The second thing the cover got right is that the landscape inside the Zone has altered from what it once was. Inside the Zone there are a variety of environmental hazards - graviconcentrates, hell slime, and silver cobwebs to name just a few - that have resulted in both the natural environment and the ruins of the built environment inside the Zone becoming otherworldly and dangerous.

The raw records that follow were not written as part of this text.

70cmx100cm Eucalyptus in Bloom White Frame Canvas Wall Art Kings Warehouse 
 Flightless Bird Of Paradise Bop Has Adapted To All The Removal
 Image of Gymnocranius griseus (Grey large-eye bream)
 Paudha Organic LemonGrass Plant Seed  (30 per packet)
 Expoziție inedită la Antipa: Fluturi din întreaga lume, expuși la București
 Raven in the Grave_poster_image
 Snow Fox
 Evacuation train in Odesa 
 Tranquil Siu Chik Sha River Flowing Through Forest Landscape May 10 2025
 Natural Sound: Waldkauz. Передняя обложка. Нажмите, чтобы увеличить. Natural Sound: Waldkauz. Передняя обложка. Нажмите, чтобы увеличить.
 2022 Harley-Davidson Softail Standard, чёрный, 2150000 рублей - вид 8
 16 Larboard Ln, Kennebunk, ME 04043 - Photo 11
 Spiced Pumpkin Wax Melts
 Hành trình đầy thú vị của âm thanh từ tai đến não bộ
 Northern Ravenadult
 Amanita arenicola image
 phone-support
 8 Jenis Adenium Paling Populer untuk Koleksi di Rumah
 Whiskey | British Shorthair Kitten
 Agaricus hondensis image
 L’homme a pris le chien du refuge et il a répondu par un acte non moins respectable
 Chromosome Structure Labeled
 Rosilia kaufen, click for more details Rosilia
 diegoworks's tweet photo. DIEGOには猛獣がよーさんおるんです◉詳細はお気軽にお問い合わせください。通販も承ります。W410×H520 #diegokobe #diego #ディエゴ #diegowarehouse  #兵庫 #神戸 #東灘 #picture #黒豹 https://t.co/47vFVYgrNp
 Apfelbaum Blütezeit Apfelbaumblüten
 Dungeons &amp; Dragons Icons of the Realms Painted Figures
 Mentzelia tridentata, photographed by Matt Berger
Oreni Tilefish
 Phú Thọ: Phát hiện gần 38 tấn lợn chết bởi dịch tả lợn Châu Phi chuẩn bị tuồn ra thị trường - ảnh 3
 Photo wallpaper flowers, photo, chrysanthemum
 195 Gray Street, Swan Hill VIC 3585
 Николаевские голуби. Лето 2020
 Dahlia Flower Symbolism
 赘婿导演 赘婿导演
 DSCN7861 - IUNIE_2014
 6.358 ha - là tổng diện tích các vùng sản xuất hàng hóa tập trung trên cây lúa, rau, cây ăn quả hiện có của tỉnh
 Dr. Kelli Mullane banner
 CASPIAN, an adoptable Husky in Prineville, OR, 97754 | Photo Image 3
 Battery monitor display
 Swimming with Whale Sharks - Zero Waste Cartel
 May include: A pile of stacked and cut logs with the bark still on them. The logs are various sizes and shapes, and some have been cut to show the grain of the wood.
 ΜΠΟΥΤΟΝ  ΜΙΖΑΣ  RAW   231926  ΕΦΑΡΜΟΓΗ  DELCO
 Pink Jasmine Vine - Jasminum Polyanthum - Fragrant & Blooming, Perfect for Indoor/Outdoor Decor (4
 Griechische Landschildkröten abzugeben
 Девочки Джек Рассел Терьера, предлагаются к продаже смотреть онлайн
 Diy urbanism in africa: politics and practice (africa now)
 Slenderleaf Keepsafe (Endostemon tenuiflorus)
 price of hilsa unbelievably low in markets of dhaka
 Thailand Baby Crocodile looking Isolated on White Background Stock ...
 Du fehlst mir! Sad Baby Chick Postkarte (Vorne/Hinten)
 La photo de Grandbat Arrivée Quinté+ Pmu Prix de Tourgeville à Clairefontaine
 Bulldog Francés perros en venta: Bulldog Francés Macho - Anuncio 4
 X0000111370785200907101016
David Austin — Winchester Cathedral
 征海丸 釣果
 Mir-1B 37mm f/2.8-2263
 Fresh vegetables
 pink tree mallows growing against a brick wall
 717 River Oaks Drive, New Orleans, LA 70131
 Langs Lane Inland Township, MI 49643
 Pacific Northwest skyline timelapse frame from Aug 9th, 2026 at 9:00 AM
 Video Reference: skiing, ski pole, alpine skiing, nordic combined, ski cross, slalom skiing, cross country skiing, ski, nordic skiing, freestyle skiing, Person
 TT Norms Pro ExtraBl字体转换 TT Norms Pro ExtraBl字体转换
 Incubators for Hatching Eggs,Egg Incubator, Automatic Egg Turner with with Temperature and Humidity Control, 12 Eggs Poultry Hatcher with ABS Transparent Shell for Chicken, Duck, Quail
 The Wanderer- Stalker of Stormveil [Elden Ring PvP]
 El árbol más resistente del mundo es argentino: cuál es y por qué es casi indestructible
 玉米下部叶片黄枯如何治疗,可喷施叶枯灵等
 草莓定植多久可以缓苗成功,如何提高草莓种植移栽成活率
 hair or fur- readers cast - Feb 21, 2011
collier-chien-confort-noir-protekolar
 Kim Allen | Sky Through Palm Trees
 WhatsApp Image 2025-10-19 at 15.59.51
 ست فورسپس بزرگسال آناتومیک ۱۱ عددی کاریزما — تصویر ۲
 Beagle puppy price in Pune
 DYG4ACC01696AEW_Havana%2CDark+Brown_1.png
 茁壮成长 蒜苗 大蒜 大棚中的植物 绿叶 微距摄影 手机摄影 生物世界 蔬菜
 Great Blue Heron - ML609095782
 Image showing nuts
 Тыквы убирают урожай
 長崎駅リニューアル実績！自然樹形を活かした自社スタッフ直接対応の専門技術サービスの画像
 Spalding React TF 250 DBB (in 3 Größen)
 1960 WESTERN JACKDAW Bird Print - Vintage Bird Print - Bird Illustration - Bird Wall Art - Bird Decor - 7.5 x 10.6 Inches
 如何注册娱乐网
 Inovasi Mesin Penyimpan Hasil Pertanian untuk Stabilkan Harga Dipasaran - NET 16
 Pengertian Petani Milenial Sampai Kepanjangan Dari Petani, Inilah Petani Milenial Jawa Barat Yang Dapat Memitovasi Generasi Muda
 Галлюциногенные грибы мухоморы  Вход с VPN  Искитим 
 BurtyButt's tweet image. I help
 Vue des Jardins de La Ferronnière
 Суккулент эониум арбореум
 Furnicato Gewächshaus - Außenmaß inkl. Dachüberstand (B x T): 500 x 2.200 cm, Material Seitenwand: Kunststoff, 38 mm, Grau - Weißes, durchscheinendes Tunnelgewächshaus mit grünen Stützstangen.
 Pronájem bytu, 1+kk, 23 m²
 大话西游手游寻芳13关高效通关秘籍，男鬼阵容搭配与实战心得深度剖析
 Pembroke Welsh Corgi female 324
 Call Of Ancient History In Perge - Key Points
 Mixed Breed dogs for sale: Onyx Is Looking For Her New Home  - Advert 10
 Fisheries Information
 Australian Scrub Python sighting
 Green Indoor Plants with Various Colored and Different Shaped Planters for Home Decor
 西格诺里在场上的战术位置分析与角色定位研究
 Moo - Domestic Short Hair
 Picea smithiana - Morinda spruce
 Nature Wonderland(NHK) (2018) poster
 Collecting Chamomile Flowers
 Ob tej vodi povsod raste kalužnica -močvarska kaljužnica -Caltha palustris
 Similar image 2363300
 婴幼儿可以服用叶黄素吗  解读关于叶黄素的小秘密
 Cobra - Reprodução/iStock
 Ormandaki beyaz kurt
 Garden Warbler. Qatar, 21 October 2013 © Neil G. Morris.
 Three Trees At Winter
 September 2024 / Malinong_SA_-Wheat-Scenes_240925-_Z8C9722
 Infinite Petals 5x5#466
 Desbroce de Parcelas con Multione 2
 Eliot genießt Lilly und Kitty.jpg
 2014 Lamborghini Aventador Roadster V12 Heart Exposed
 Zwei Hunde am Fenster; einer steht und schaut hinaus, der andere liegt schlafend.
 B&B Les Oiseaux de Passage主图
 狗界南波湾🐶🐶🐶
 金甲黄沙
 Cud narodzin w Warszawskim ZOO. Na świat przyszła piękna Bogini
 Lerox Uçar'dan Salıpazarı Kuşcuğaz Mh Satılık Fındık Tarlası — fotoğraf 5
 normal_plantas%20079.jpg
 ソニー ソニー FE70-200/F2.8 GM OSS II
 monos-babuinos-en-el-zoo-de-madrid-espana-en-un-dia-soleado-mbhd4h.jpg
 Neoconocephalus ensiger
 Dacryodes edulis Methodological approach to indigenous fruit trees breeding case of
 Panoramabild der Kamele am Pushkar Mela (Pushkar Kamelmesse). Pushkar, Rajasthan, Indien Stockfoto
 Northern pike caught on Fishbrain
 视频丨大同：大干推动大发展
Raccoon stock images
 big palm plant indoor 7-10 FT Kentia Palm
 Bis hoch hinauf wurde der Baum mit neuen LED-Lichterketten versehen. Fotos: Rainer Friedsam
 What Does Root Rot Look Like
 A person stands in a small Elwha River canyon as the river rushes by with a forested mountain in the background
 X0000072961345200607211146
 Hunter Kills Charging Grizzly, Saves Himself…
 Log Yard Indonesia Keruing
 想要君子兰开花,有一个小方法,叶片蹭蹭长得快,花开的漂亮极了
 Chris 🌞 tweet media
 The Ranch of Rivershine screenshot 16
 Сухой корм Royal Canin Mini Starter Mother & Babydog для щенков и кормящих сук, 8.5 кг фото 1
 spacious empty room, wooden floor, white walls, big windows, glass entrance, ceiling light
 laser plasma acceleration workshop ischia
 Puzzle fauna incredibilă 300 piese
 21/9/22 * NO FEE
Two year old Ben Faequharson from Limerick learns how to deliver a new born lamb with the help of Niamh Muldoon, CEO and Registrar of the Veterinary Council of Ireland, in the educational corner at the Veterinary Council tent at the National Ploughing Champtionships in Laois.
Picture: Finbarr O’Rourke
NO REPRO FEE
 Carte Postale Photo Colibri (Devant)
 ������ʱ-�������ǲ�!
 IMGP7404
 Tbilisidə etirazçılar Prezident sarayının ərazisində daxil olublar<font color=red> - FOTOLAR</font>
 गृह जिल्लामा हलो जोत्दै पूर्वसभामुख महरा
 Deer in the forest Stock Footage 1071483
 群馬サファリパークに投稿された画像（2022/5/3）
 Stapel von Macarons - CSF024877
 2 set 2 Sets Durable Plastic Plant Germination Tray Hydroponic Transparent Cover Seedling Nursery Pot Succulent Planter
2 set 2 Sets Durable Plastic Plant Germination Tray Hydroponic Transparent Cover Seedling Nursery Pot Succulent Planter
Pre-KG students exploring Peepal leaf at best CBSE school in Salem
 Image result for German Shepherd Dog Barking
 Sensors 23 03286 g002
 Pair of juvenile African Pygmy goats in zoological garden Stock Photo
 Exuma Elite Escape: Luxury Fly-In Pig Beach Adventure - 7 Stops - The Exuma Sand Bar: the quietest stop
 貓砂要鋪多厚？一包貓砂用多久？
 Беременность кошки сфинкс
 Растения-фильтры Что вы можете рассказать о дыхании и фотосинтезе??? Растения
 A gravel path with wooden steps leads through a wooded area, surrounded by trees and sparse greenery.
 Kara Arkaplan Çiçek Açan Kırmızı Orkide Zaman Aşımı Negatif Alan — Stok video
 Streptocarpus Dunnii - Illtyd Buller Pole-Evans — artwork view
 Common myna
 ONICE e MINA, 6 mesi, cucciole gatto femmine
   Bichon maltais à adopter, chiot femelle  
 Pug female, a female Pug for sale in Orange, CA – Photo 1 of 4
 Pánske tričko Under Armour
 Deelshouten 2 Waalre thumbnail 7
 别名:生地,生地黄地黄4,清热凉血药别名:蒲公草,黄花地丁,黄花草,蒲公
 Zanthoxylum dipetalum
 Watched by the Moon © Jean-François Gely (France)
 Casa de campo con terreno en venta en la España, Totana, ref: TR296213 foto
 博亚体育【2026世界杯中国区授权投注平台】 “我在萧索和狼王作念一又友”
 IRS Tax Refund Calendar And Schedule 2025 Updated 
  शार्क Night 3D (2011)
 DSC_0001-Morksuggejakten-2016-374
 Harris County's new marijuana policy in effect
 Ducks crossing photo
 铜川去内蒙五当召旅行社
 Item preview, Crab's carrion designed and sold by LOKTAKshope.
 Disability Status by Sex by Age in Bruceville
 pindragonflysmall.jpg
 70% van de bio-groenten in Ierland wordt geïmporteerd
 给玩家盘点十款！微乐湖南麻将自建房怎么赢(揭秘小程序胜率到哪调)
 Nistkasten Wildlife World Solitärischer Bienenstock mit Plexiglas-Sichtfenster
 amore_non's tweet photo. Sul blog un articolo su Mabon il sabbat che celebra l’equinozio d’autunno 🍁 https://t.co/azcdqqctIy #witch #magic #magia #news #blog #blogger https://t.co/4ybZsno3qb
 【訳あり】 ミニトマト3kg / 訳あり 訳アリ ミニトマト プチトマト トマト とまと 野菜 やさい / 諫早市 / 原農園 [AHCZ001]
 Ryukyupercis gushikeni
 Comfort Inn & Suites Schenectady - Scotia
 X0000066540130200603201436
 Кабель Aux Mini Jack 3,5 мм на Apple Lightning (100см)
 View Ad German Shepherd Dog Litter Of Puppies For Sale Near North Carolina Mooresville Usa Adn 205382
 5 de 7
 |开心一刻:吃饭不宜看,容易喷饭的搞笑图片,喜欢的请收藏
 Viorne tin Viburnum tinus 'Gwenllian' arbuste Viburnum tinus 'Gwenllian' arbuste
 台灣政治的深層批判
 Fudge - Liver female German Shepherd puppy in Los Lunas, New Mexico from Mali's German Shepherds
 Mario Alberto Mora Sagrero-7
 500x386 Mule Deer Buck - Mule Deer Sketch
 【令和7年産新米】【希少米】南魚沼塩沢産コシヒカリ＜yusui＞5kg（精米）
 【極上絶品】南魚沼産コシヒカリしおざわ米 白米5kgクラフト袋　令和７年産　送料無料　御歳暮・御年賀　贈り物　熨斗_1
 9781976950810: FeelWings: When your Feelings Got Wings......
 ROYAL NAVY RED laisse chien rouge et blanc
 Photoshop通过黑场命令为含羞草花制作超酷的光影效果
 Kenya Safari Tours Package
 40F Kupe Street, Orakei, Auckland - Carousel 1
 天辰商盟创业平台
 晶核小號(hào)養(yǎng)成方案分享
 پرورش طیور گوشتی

That's why it's fenced off.
So what is the Zone? We know it resulted from an alien Visit. But let's have the Strugatsky Brothers explain it in their own worlds. They do that through a conversation in which the Visit is described as an event which is prosaic for the aliens, but nearly unintelligible for the humans. What's left behind as the Zone are like the leavings from a "roadside picnic":
"A picnic. Imagine a forest, a country road, a meadow. A car pulls off the road into the meadow and unloads young men, bottles, picnic baskets, girls, transistor radios, cameras...A fire is lit, tents are pitched, music is played. And in the morning they leave. The animals, birds, and insects that were watching the whole night in horror crawl out of their shelters. And what do they see? An oil spill, a gasoline puddle, old spark plugs and oil filters strewn about...Scattered rags, burnt-out bulbs, someone has dropped a monkey wrench. The wheels have tracked mud from some godforsaken swamp... and, of course, there are the remains of the campfire, apple cores, candy wrappers, tins, bottles, someone's handkerchief, someone's penknife, old ragged newspapers, coins, wilted flowers from another meadow..."
"I get it" said Noonan. "A roadside picnic."
"Exactly. A picnic by the side of some space road. And you ask me whether they'll come back."